USFSP's 10-year Master Plan Update unveiled last year aims at meeting projected needs by having 1,400 beds - a total addition of 850 beds - and 30,000 square feet of dining space at USFSP by 2025.
"So I think once this project is completed, we will be looking to the future for the next phase as well," Wisniewska said.
"I think having more residential students will not only increase our enrollment goal, but it will significantly enhance the campus life experience for students," she added. "I think that will lead directly to greater retention and graduation rates, which is job number one for us."
The P3 that will finance and build the hall would be similar to one entered into with developer Capstone-Harrison for the $133 million housing village under development on USF's Tampa campus.
"The (Florida) Legislature feels that colleges and universities should be in a business of education, not housing, and the debt for housing should be absorbed not by the state, but by private entities," Wisniewska said. "So I think a P3 is more feasible than a bonding option for us."

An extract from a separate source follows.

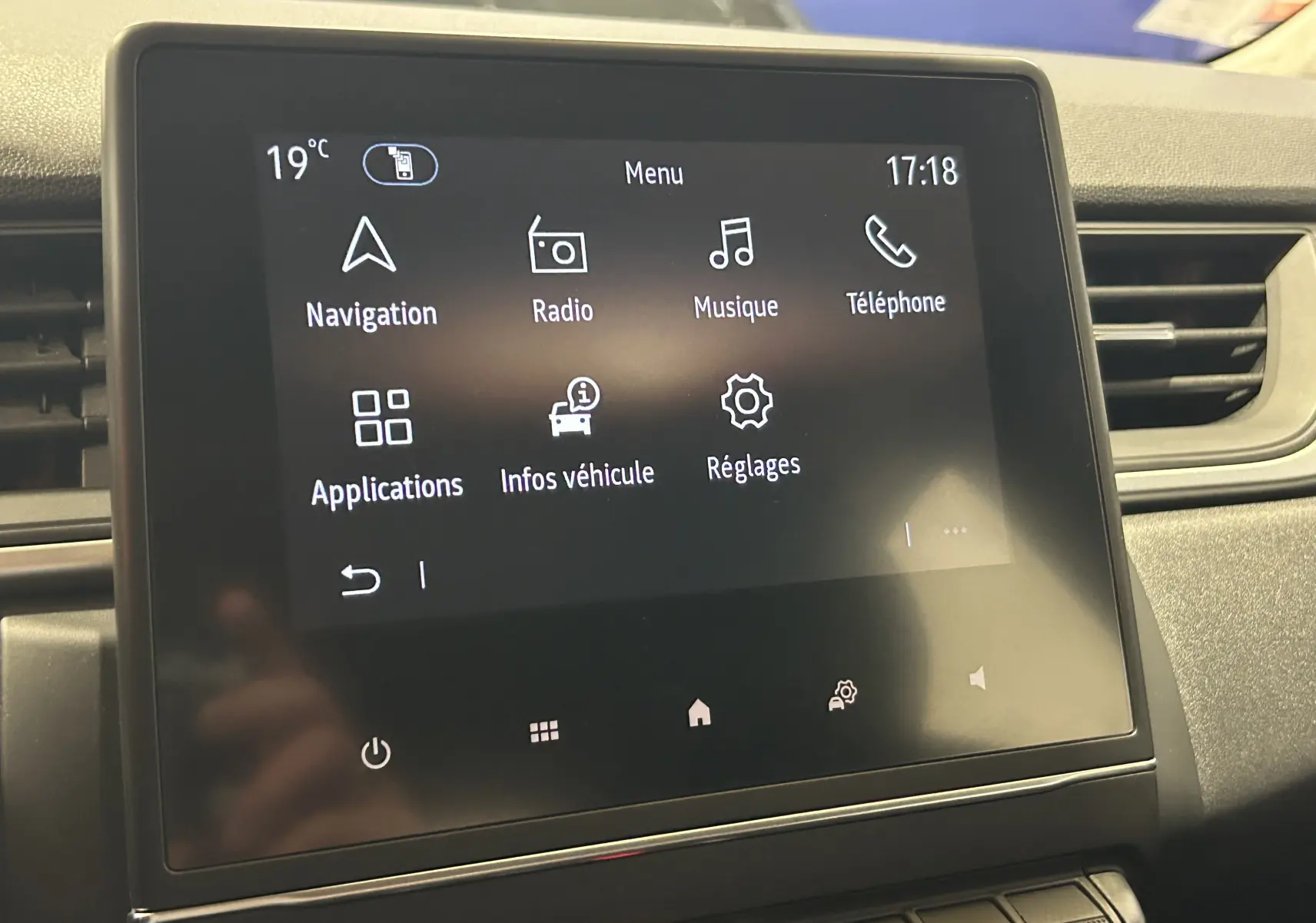 Écran tactile central du Renault Captur gris 2022 affichant le menu principal avec navigation, radio et téléphone.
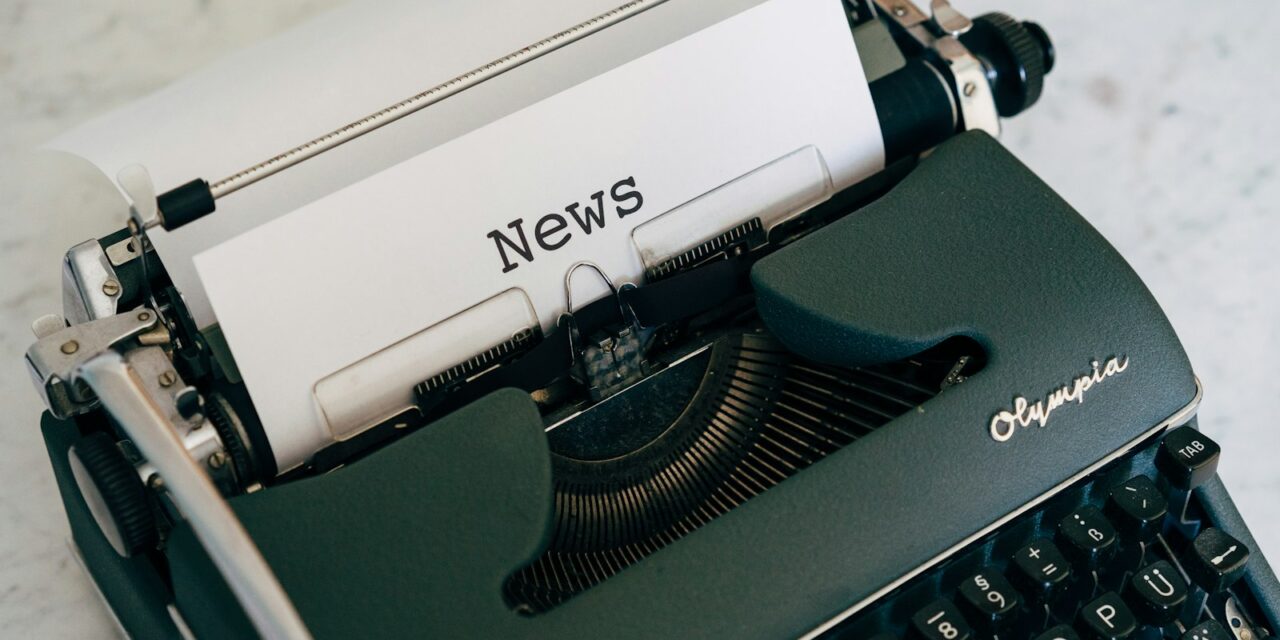 Ziare locale tipărite și jurnaliști discutând la masa redacției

A project concept designed for the university by program management firm Brailsford & Dunlavey also suggests the addition of more on-campus parking, including the expansion of a seven-story parking garage across from the planned residence hall site on 6th Avenue South, between 3rd and 4th Street South.
The plan to begin searching for a private partner was approved by the USF Board of Trustees during a meeting last Thursday.
According to a timeline in the conceptual plan, the goal is to have potential partners submit their plans by the end of March 2017, with a selected partner being approved by the Trustees at their meeting scheduled for June 1.
The hope is that the State University System Board of Governors would sign off on a new partner when it holds its regular meeting later that month on USF's Tampa campus. Such approval is required before USF can enter into an agreement.
Construction would then begin in May 2018, with the hall being opened for students at the start of the fall semester in August 2019.